Secondary Redesign Team Meeting Run Down

The secondary redesign team in Holyoke gathered on December 13th to hold a meeting discussing various ideas on how to make Holyoke High and Dean Tech more efficient and successful schools.

On Tuesday, December 13th, the secondary redesign committee met with members of the community to discuss and share their learnings from their travels to other schools around the country, such as schools in Chicago, South Carolina, and California. Many ideas were talked about; however, please keep in mind that ideas are in no way set changes.

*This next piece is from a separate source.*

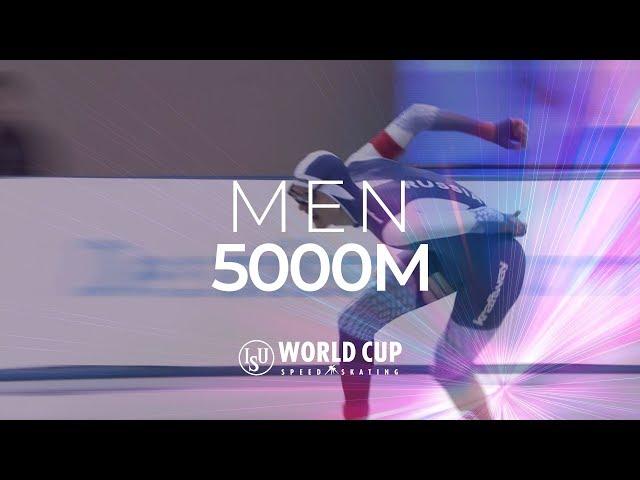 Danila Semerikov (RUS) | 1st place Men 5000m | World Cup Nagano 2019 | #SpeedSkating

Panelists included teachers, parents, guidance counselors and other community members. While at the meeting, the committee was asked questions by parent moderator, Mrs. Patty Lubold. Many of the schools visited by the panelists were selective (in that they have an application process); however, the schools all support populations similar to that of Holyoke High School, and are therefore being looked at as a reference. This does not mean that Holyoke High School and Dean Technical High School will become selective. Still, there was talk of making certain trades at the different high schools to be applied for and separated.

Many other suggestions were made from the panelists’ experiences at their schools.

Mrs. Gloria Urbina visited a school that was entirely bilingual, saying, “Children were not only taught to speak Spanish… they were taught science in Spanish.”

Mr. Bob Frye spoke of how the school he visited in South Carolina students followed an individual learning plan. This allowed students to take a pretest on a chapter and if they did well, they could move forward, and if not, they would spend more time with the teacher to better understand the subject.

Similarly, Ward Seven School Committee Member Nyles Courchesne, who has toured both high schools in Holyoke, mentioned how, due to Holyoke Community College’s dual enrollment opportunities, that the school pushed its students to take advantage of these opportunities and graduate high school with at least a year worth of college classes under their belt.

Many other community members spoke about their concerns such as how changes would affect the special education program, as well as other programs. At the end, those who did not speak during the meeting, had a chance to meet with the panelists one-on-one and ask Principal Sullivan and District Receiver Dr. Zrike questions about their hopes for the future of the schools.